Horneros are small birds, red-brown and white, “monogamous and hard working,” Sarno says in a description of the work on her website. They are also called red ovenbirds, because they build nests out of mud and straw: a red-brown dome a foot tall with a rounded door in the front.
The folk song plays with two onomatopoeias, she writes: “taracata, the sound of hard work (i.e., fields being plowed and nails being hammered) and chapalea, a verb evolving from the sound of squelching in mud.” She intends the music, she writes, to give a sense of “the complexities of making a home, and of labor and its imbued ideas of meritocracy … pleasure, well-being and dignity.”


The installation’s music accompanies sculpture, as Sarno glazes the notes and images of the birds on hand-thrown ceramic plates. At Mass MoCA, four singers will perform the score for four voices at the show’s opening on March 21.


Brazilian artist Clarissa Tossin has called on music and dance to translate a house across 4,000 miles, along the Pacific coast to the cities where its design has its roots. She will bring “Ch’u Mayaa” to Mass MoCA as a film linked to an installation in 2018 at the Whitney Museum of American Art in New York City.


Tossin describes it as honoring and reviving “the overlooked influence of Mayan architecture on Frank Lloyd Wright’s Hollyhock House.”


Hollyhock House is now a UNESCO World Heritage site in Los Angeles.

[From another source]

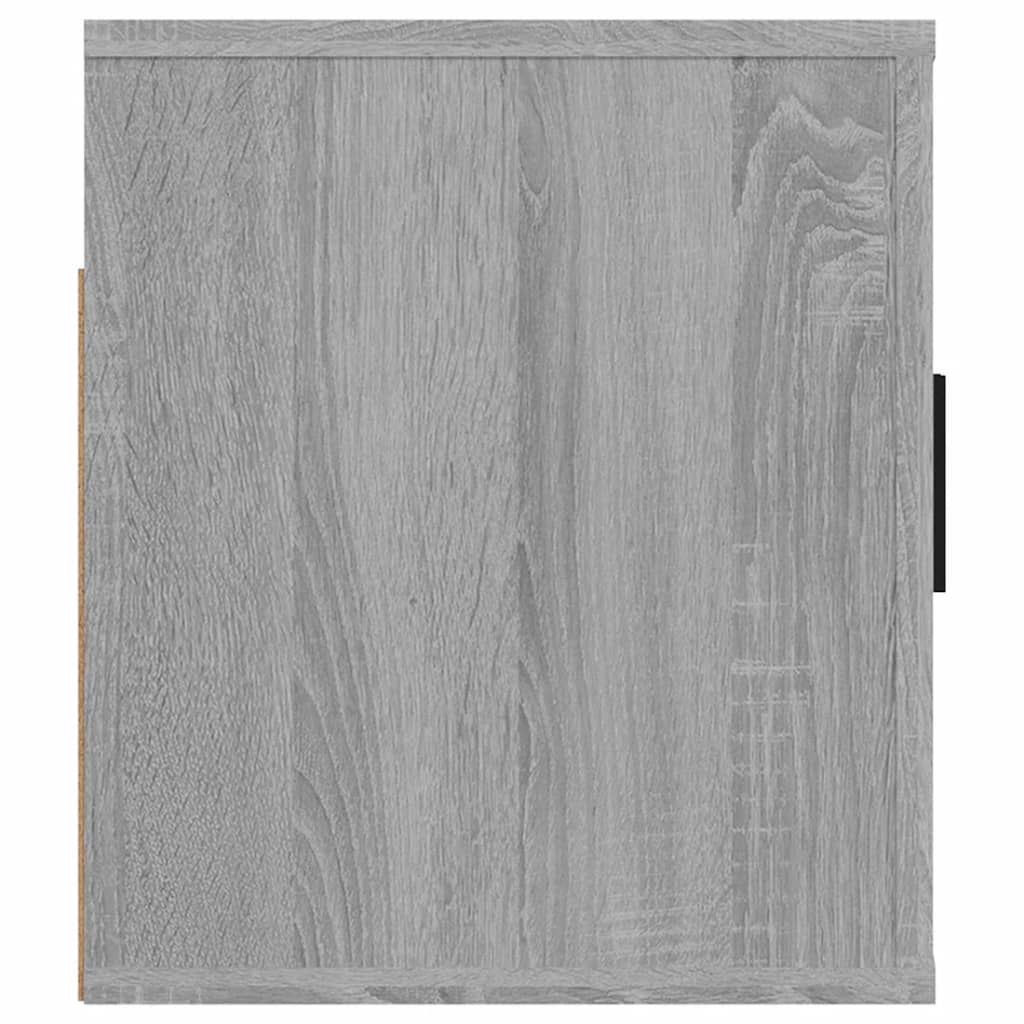 Wall Mounted TV Cabinet Grey Sonoma 80x34,5x40 cm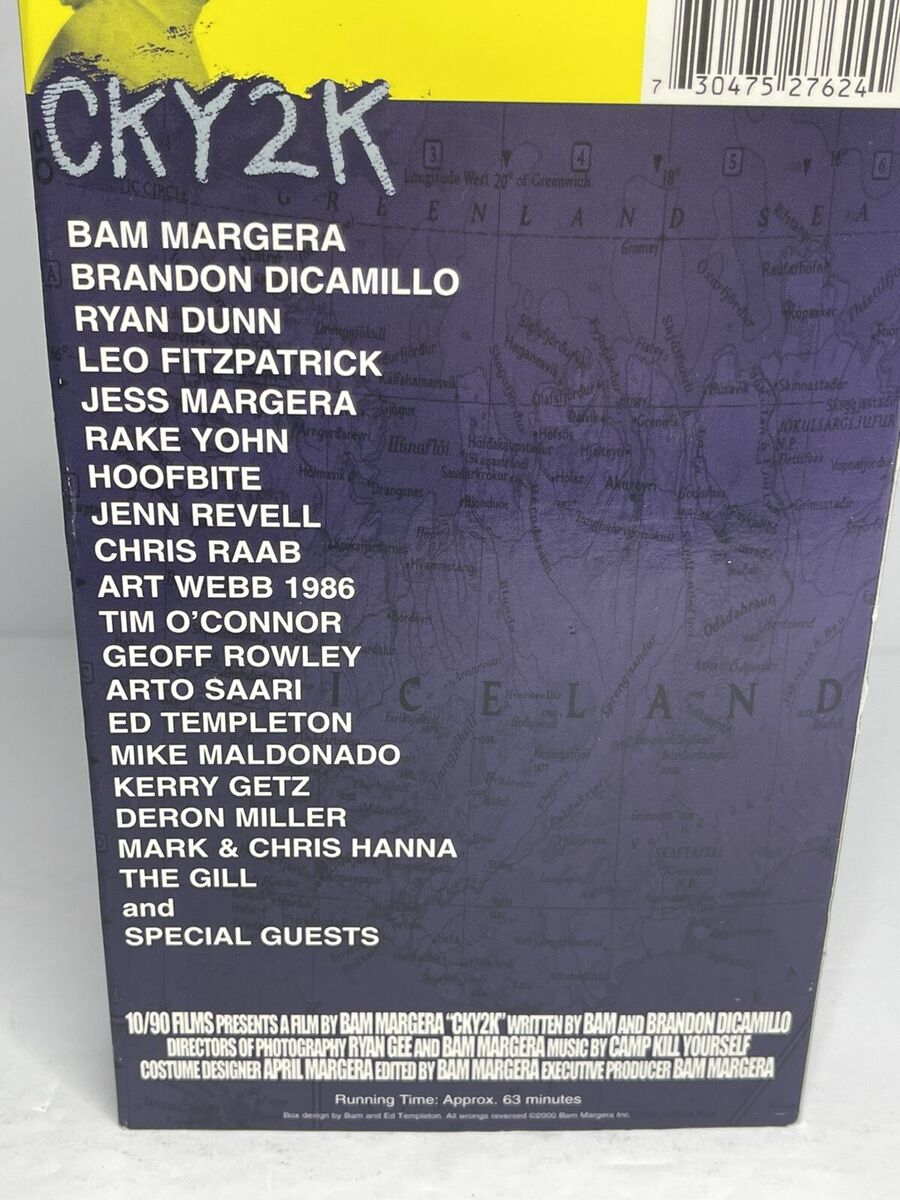 CKY 2K (2000, VHS, Bam Margera, Jackass, Ryan Dunn, Rake CKY 2K (2000, VHS, Bam Margera, Jackass, Ryan Dunn, Rake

It has sunlit dun walls like blocks of stone set at a steep slant. Patterns of linked squares repeat on the moldings and in the windows. Rectangular lights shine through slats of wood, and stone steps lead into a courtyard garden lined with square pillars.


Tossin imagines the house as a temple. In her work, a woman dances there with gestures and postures found in ancient Mayan pottery and murals. She reunites the house with the Mesoamerican tradition and architecture it belongs to, linking it through centuries. The title means “Maya Blue,” Tossin explains, an azure pigment in Mayan pottery and murals, known for lasting through weather and time.